Hi guys, I used Machine Learning to build.... the Booki Monster!

One of the biggest problems I've noticed since entering the "real world", is that it's hard to find time for things. Going on adventures, finding a girlfriend, building new social groups, having interesting hobbies...... and reading books. Or maybe, you're just too hungover....... 

But a book that might take 5-10 hours to read? Well, what if I told you that you could get the key points from the book without actually reading the book? I want to introduce you to the "Booki Monster." A machine-learning powered monster that reads your books and summarizes them for you. 

You can play with the application here. If it's slow, give it a sec. 

My goal here is for a non-technical person to understand technically how I built my project.

1. Who is the Booki Monster?

You see those pile of books on your drawer that you're "too busy" to crack open? Well, that's the Booki Monster's food.

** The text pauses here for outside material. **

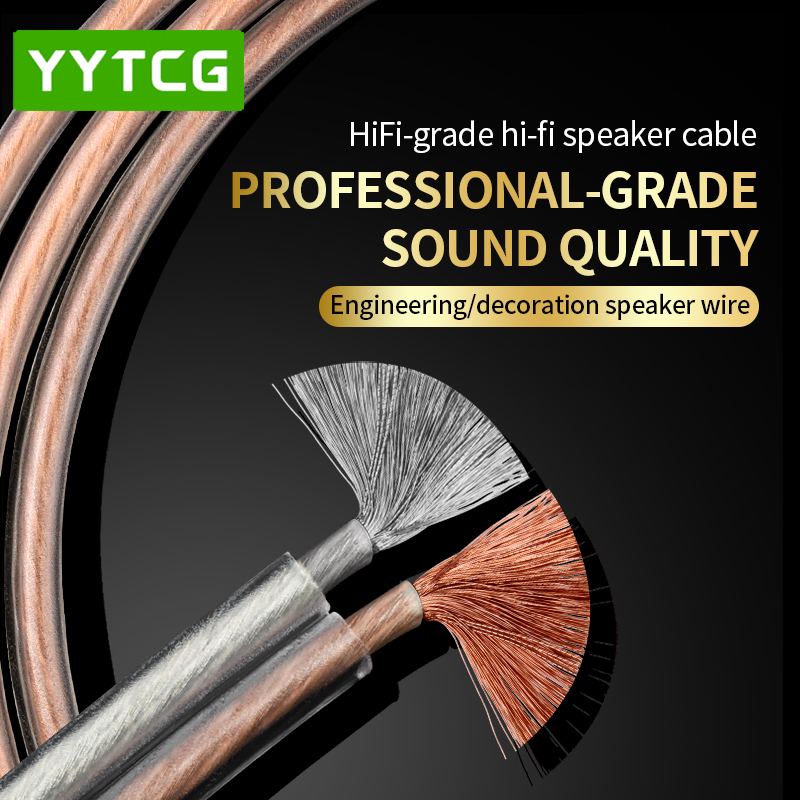 YYTCG bricolage câble Audio HI - Home Cinema Choice avis et prix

Feed the Booki Monster your books and then she'll spit out the golden nuggets in the form of summaries.

2.Feeding the Monster

You know that feeling when you're with your friends, you want to eat out, but can't decide where to eat because there are wayyyy too many options? Feeding the Booki Monster was the same, I had too many options: science fiction, business, self-help, psychology, scientific research etc. 

And for those who understand product marketing, when you're product is for everyone, it's for no one.  I'd prefer to make the Booki Monster generate high-quality summaries for a more niche, targeted set of books, than mediocre summaries for many books. 

So I settled on feeding the Booki Monster only business books for this reason. Plus, Blinkist.com, a company that produces human-written summaries, happily agreed to send over their human-written summaries, so I can measure the Booki Monster summaries quality.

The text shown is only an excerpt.